Diamonds head coach Stacey Marinkovich (centre) will need more than data and statistics to get Australia humming. Picture: Kai Schwoerer/Getty Images
Diamonds head coach Stacey Marinkovich (centre) will need more than data and statistics to get Australia humming. Picture: Kai Schwoerer/Getty Images

At the 2018 Gold Coast Commonwealth Games, the Diamonds had a three-goal lead with less than seven minutes remaining and a chance to go four goals up. As England pegged back the deficit, the Australians crumbled, leaving spectators to scratch their heads as to why three of the team’s strongest and most experienced players – Laura Geitz, Susan Peitit and Madi Browne – were left to sit on the bench and watch the gold medal slip from their hands. Fast forward to 2019 and Australia’s inability to win the World Cup in yet another close contest resulted in the sacking of coach Lisa Alexander.

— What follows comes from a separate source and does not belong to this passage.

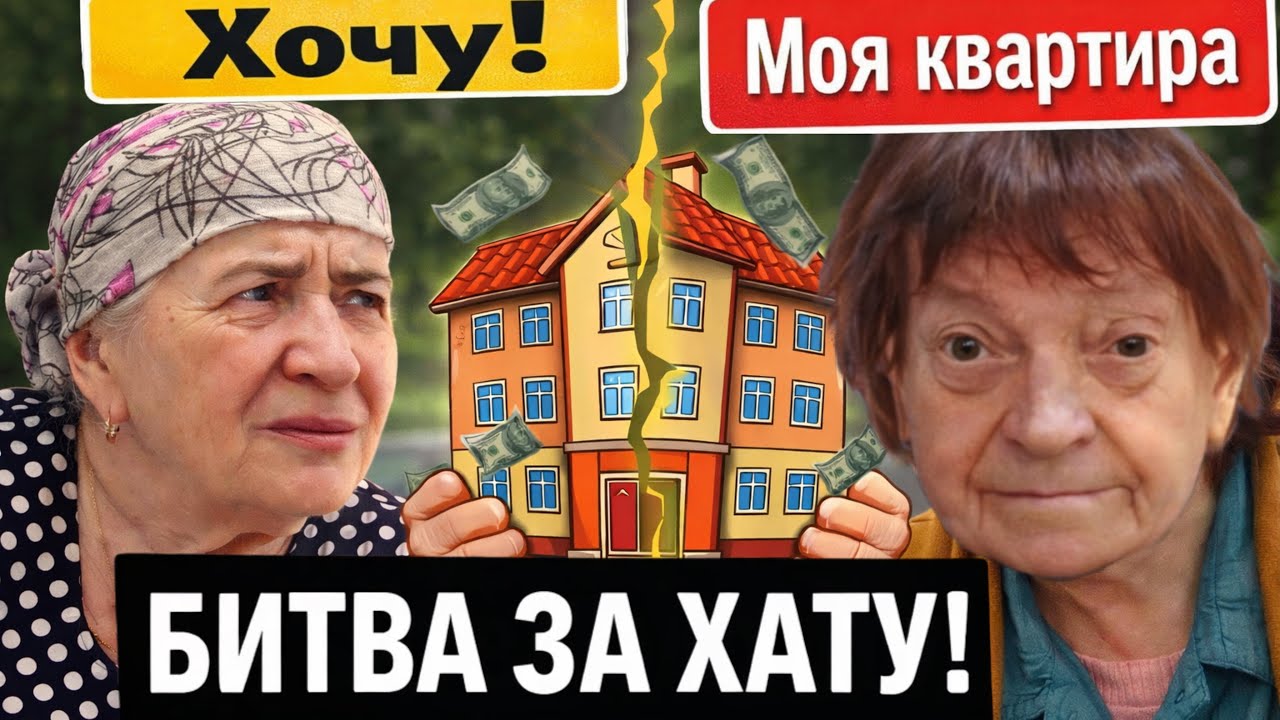 Самвел Адамян:Надя не уйдет! Шупа освободит Квартиру !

Even in her short tenure as Diamonds coach, Marinkovich has seen Australia succumb to opposition pressure. In 2021, her first Test series as coach, New Zealand took home the Constellation Cup for the first time in seven years with a 3-1 series win. The Silver Ferns were down at half time in three of the four matches, winning two of those, including the final Test that handed them the silverware. Along with the loss, that series provided opposition teams with a glimpse of the Australia’s Achilles heel.

Marinkovich needs to challenge players to put their hands up to make the starting seven and reward them because they deserve to be there. In doing so, and assuming she has the culture right, it will not discredit the others. Rather, it will allow individuals to know what their role is, even if it is coming off the bench, while still developing a highly competitive environment that pushes individuals and, subsequently, the team to be better and win championships.

Liz Watson is set to return to court for the first time since her appointment as captain. Picture: Kai Schwoerer/Getty Images.
Liz Watson is set to return to court for the first time since her appointment as captain. Picture: Kai Schwoerer/Getty Images.

These next three Test matches should provide Australians with much to get excited about.

Newly appointed Diamonds captain Liz Watson will be returning to the court for her first Test series since her appointment. Young, emerging talent will be on show and the return of fan favourites Ash Brazill, Steph Wood and Gretel Bueta – all of whom bring a great deal of flair, excitement and the ability to turn and win matches – will very much be worth watching.

But this group of players and coaches need to answer a big question.

Will they be able to stand up when challenged?

That is how success will be measured. If the Diamonds can challenge themselves more than the opposition will, and become the team all others are afraid of in Birmingham, the Quad Series will have been a worthwhile venture … and hopefully the opinions of a sideline, geriatric, former player will be proven wrong.